In further consideration of the conversion of Paul, we are arrested by his preaching. "And immediately he preached Christ." "Immediately." This is a remarkable expression- a volume in a word; the moment he was converted he became a preacher of Christ. He waited for no preparation, sought no authority from the Church, asked for no orders from man, applied for no diploma from the schools; but the moment that the discovery of the Lord Jesus Christ was made to his mind, he became Christ's bold, earnest, and powerful preacher. This feature is too significant and suggestive to be lightly overlooked.
Still we must guard ourselves here. We do not infer from this that an individual may devote himself ably and successfully to the work of the Christian ministry apart from a previous process of spiritual and mental training, qualifying him for the holy and solemn functions of his high office. Far from this. We can see no exact parallel between the case of the apostle Paul and that of an individual called by grace by ordinary means. It is generally admitted that the conversion of Paul was miraculous. Prior to this his mind had undergone a thorough intellectual training in one of the first schools of learning, and at the feet of Rabbi Gamaliel, one of the most renowned doctors of the law. His mental culture was of no imperfect cast. It is evident, from his writings, that he was not only profoundly taught in Jewish lore, but that his mind was singularly familiar with the philosophers of Greece and with the poets of Rome. No advocate, therefore, of an uneducated ministry can properly cite the great apostle of the Gentiles as sustaining his idea or as illustrating his theory.
And yet, at the same time, I am prepared to concede that I see no reason, when God converts an intelligent individual by His grace- his heart glowing with love to the Savior and with yearning for the salvation of souls- why he should not go forth through the length and breadth of the land preaching Christ and evangelizing as he goes. The authority to preach with which we are invested is not from a church. Our ordination, as received from man, conveys no priestly power, and confers upon us no prescriptive right to expound the mysteries of God's Word.

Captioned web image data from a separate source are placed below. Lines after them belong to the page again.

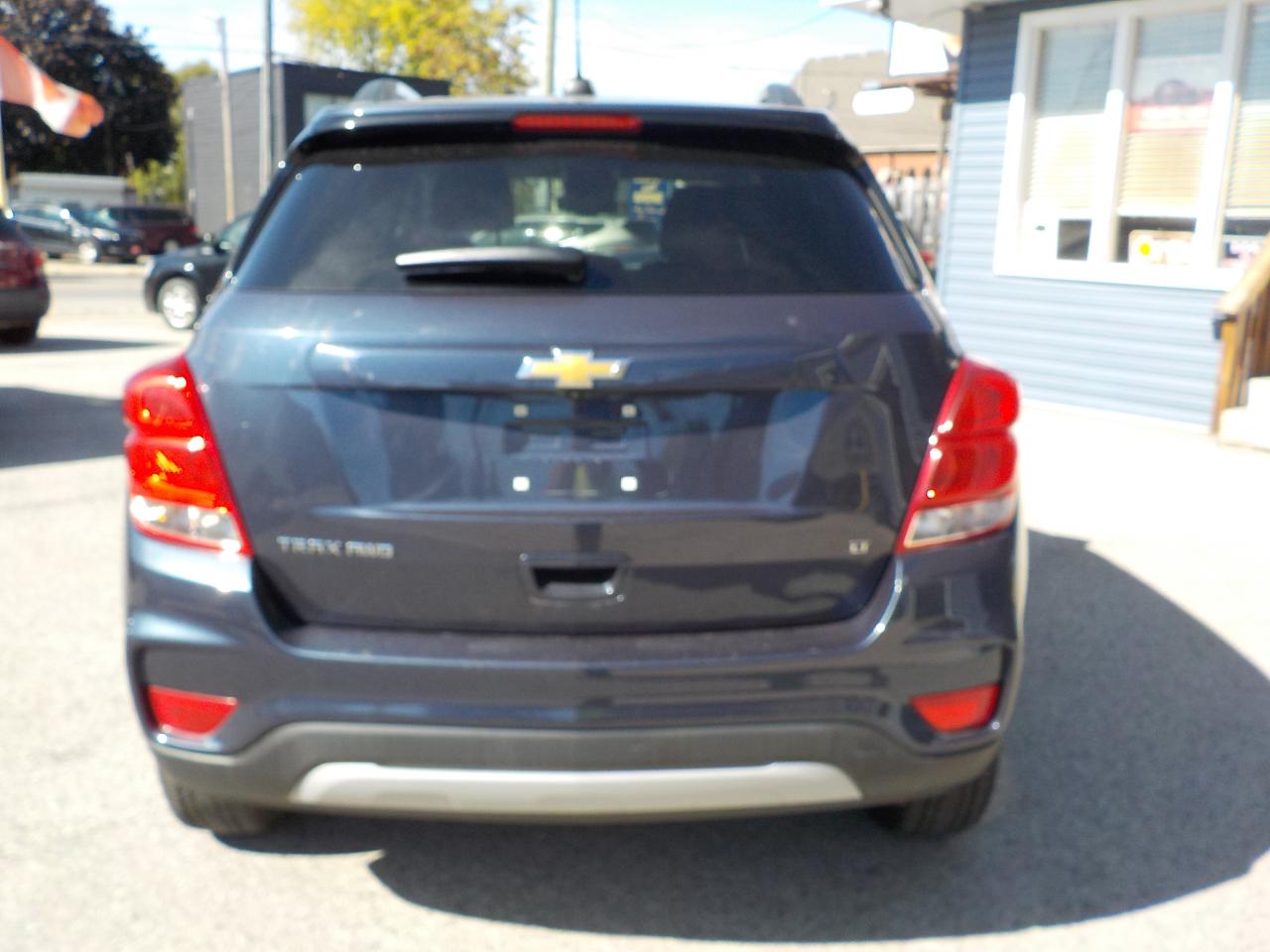 2019 Chevrolet Trax LT - Photo #4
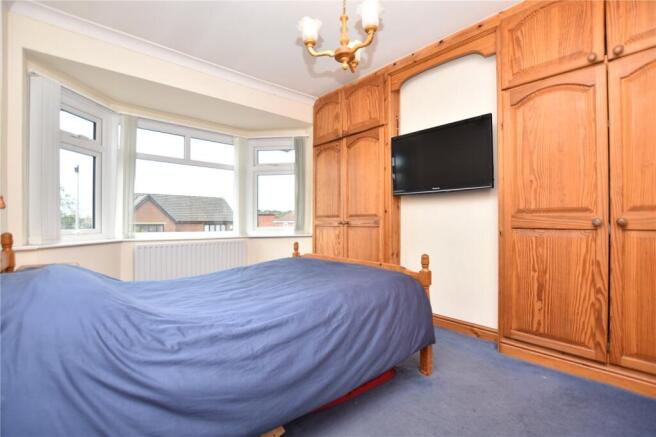 4 bed Semi-Detached for sale Image 7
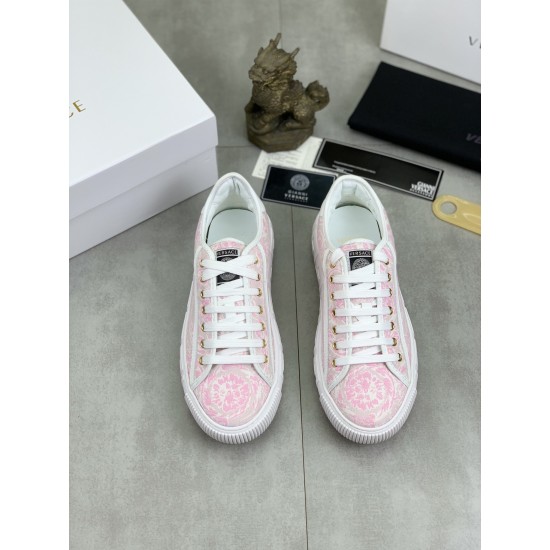 Versace Shoes: Top Quality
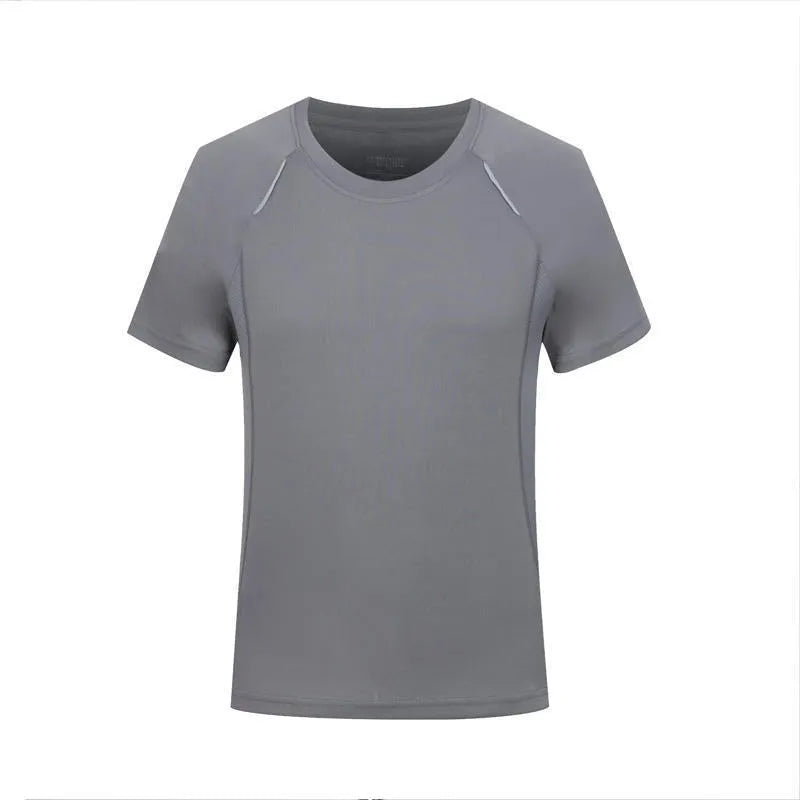 Men's slim fit quick-dry round neck t-shirt in solid colour on a white background.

We are ministers, and not priests; we do not make, we but proclaim a sacrifice offered once for all the one sacrifice of Christ. We administer the sacraments not sacerdotally but ministerially. The administration of the rite of baptism and of the Lord's Supper possesses no more virtue or efficacy, coming from the hands of the highest ecclesiastical dignitary, than from those of the most humble evangelist in the land. It is well, however, that those who, like Saul of Tarsus, straightway preach Christ, should, like him, receive the recognition and be set apart by the prayers of the Church. Then may he with confidence and power go forth, seeking to bring others to a saving knowledge of that Savior whom he has found so precious to his own soul.
This conducts us to the subject-matter of Paul's preaching. "And immediately he began preaching CHRIST." Dilating at some length upon this vital and important part of our subject, I must crave the indulgence of my readers. The reply to the question, "What is it to preach Christ?" embraces a wide range of truth. There may be much preaching so denominated which yet presents no scriptural claim to the character. It is marvelous how much may pass current with men for the real in divinity, and for the true in religion, which yet passes not current with the Lord. An individual may preach theology without God, Christianity without Christ, the cross without the atonement, and the Bible without revelation! But Saul of Tarsus "immediately preached Christ."
Before we attempt to show what this involves, let me remind my reader briefly of the position of the apostle. He had to cope with difficulties and opposition of every kind. In the first place, he was confronted by the ancient religion of Judaism. There was much the Jew could allege in favor of his religion. It was divine, it was ancient, it was taught in the writings of the prophets. His arguments were many, his reasoning strong, his prejudices unconquerable. And yet the apostle in the face of all this preached Christ Jesus and Him crucified.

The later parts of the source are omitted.